DeepSeek’s R1 Model: Disrupting AI Development Costs
Nvidia calls China’s DeepSeek R1 model ‘an excellent AI advancement’ for showcasing the potential of Test Time Scaling in AI development. DeepSeek, a Hangzhou-based AI startup, released its R1 model last week. This open-source reasoning model has reportedly surpassed the performance levels of leading models from U.S.-based companies, including OpenAI. Impressively, DeepSeek claims its R1 model was trained at a cost of less than $6 million—a fraction of the billions spent by tech giants in Silicon Valley.
The R1 model’s hybrid architecture combines reinforcement learning with chain-of-thought reasoning. It comes in two versions: DeepSeek-R1 and DeepSeek-R1-Zero, the latter being capable of unsupervised fine-tuning for even greater reasoning abilities.
Implications for Nvidia and U.S. Tech Giants
Despite the competition posed by DeepSeek, Nvidia noted that its GPUs are integral to DeepSeek’s operations. The startup reportedly utilized approximately 2,000 Nvidia H800 chips, designed to comply with U.S. export regulations introduced in 2022.
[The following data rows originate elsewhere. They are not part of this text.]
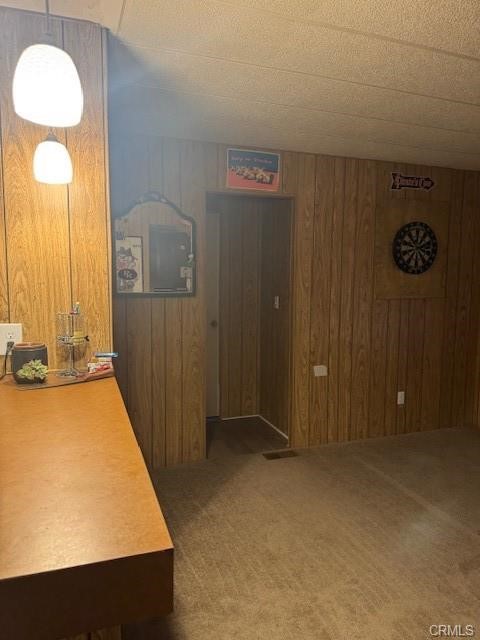 4455 Valley, Paso Robles, CA 93446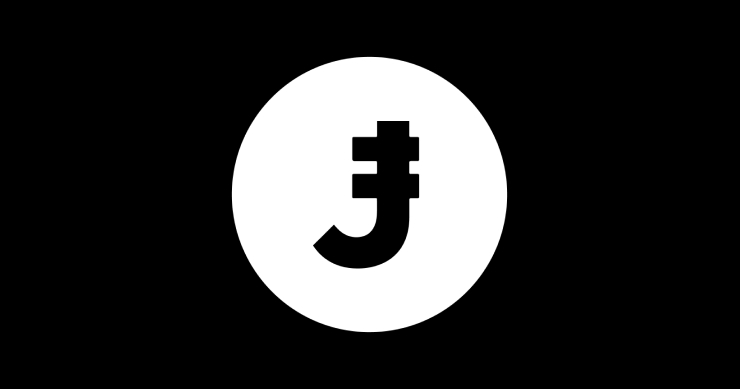 OKX 即將上線 J（Jambo）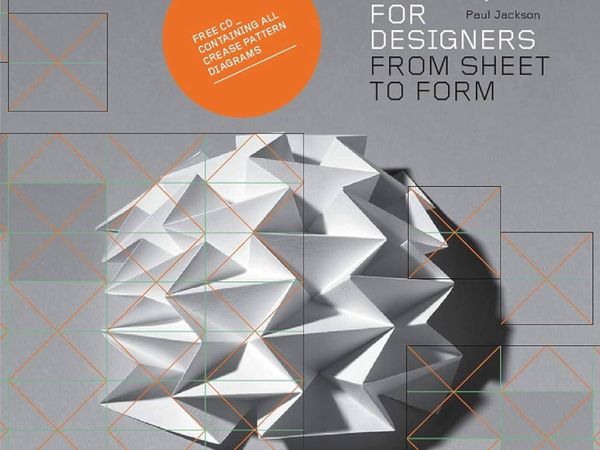 no-image
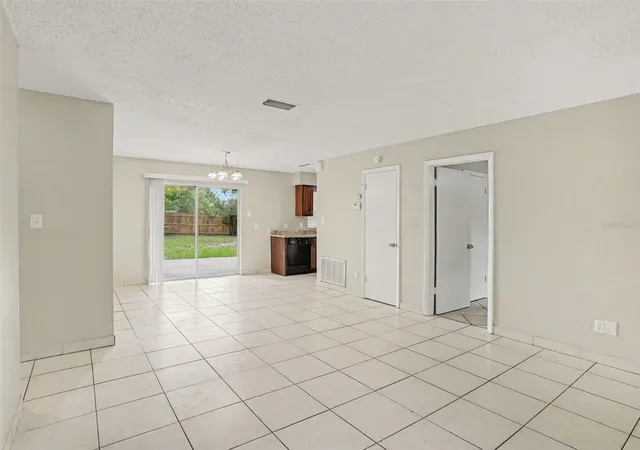Photo 1 of Single family home for sale at 4514 Colbert Ct, Orlando, FL 32808 | MLS# O6442750 | Listing updated on 2026-10-22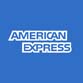 Amex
“Inference tasks require significant numbers of Nvidia GPUs and high-performance networking,” the spokesperson added, emphasizing the importance of GPUs in supporting AI advancements like DeepSeek.
This development has raised concerns among analysts over the efficiency of U.S. tech companies’ massive investments in AI infrastructure. Microsoft plans to spend $80 billion on AI infrastructure in 2025, while Meta’s projected capital expenditures for AI are estimated between $60 billion and $65 billion for the same year.
Analysts Question High Costs of AI Development
Experts believe that if training costs for models like R1 remain significantly lower, companies relying on AI services could benefit from cost reductions in the short term. However, the long-term impact on hyperscale AI revenues and investments may be more profound.
Bank of America analyst Justin Post noted that lower model training costs could lead to savings for sectors like advertising and consumer applications. However, this would also reduce the scale of revenues for AI infrastructure providers.
Shifting Focus to Test Time Scaling
In a groundbreaking shift, Nvidia calls China’s DeepSeek R1 model ‘an excellent AI advancement’ for its hybrid architecture and reasoning abilities. Nvidia CEO Jensen Huang, OpenAI CEO Sam Altman, and Microsoft CEO Satya Nadella have recently highlighted a new phase of AI development driven by “Test Time Scaling.”
This concept builds on the 2020 scaling law proposed by OpenAI researchers, which emphasized that increasing computation and data led to better AI models. Test Time Scaling, however, focuses on optimizing the use of compute resources during inference to improve model accuracy and reasoning.
DeepSeek’s R1 model exemplifies this approach, leveraging additional computational power during inference to achieve better outputs. The model’s efficiency and lower training costs have sparked questions about the future direction of AI investments.
Amid its growing recognition, DeepSeek faced a large-scale cyberattack, forcing the startup to restrict user registrations to mainland China phone numbers. The company did not disclose the duration of these restrictions or further details about the attack.